> TASK:
Everything from the line with "Corrie van Gorp" through the final line of the listing below must be retyped exactly, apart from the pictures.

%%

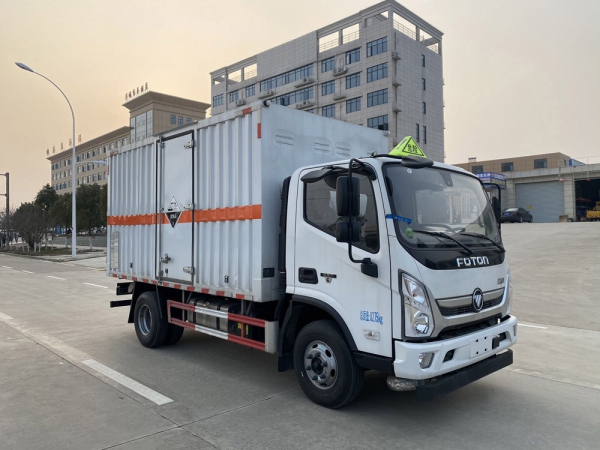 楚勝牌CSC5088XFWB6腐蝕性物品廂式運輸車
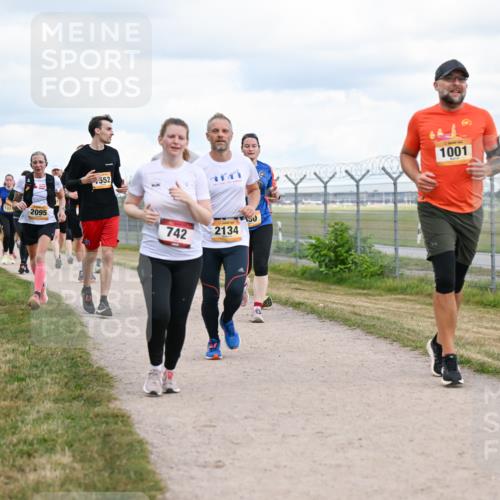 14.09.2025 - Airport Race Dr. Thomas Lammeyer http://msf.ph/oto/8879698 14.09.2025 12:29:15 Laufen 1337, 2095, 552, 742, 2134, 1950, 1001 meine-sportfotos.de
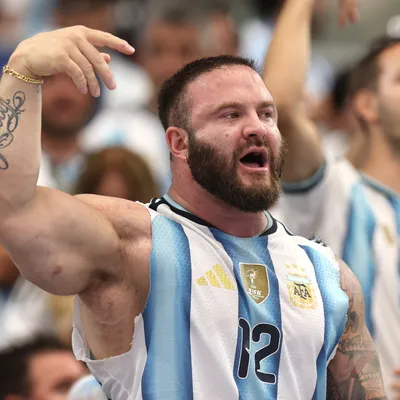 Los hinchas de Argentina apuntaron contra un titular: "No es titular ni en Cabo Verde"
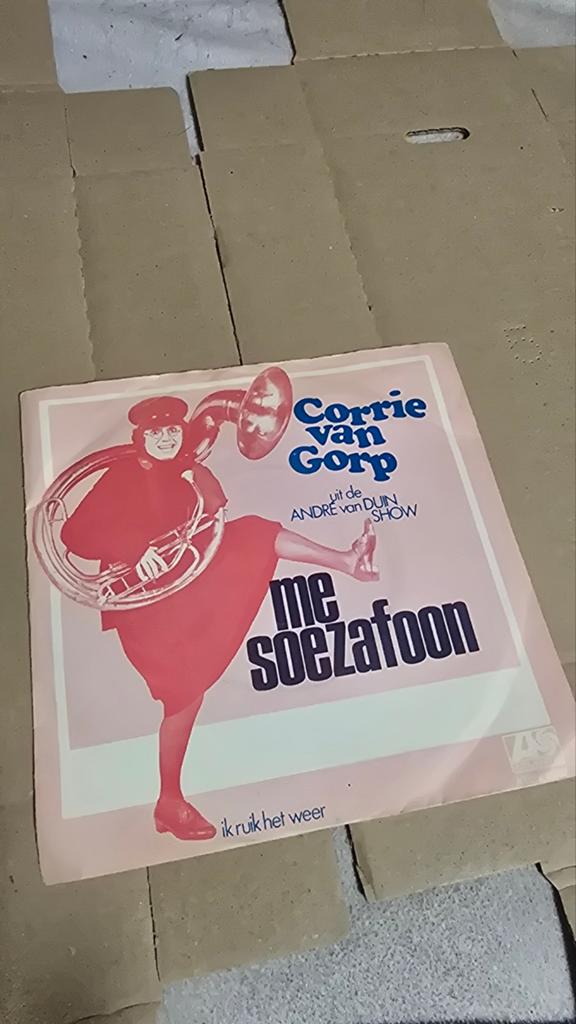 Corrie van Gorp - Me Soezafoon / Ik Ruik Het Weer Single, Gebruikt, 7 inch, Single, Ophalen of Verzenden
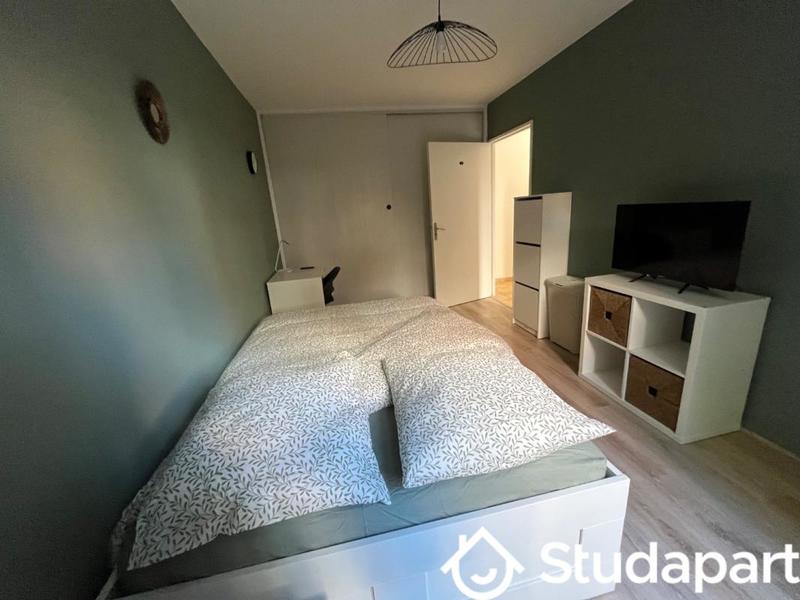 Chambre - 10 m² - 1 pièce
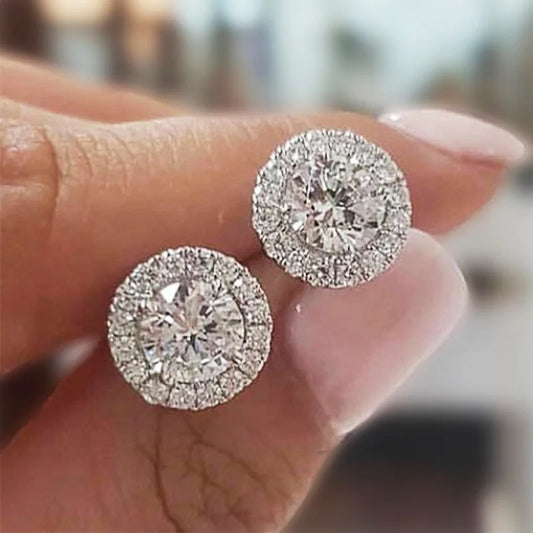 Oveep Elegant cubic zirconia stud earrings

%%

> TASK RESPONSE:
 Corrie van Gorp - Me Soezafoon / Ik Ruik Het Weer Single, Gebruikt, 7 inch, Single, Ophalen of Verzenden
 Chambre - 10 m² - 1 pièce
 Oveep Elegant cubic zirconia stud earrings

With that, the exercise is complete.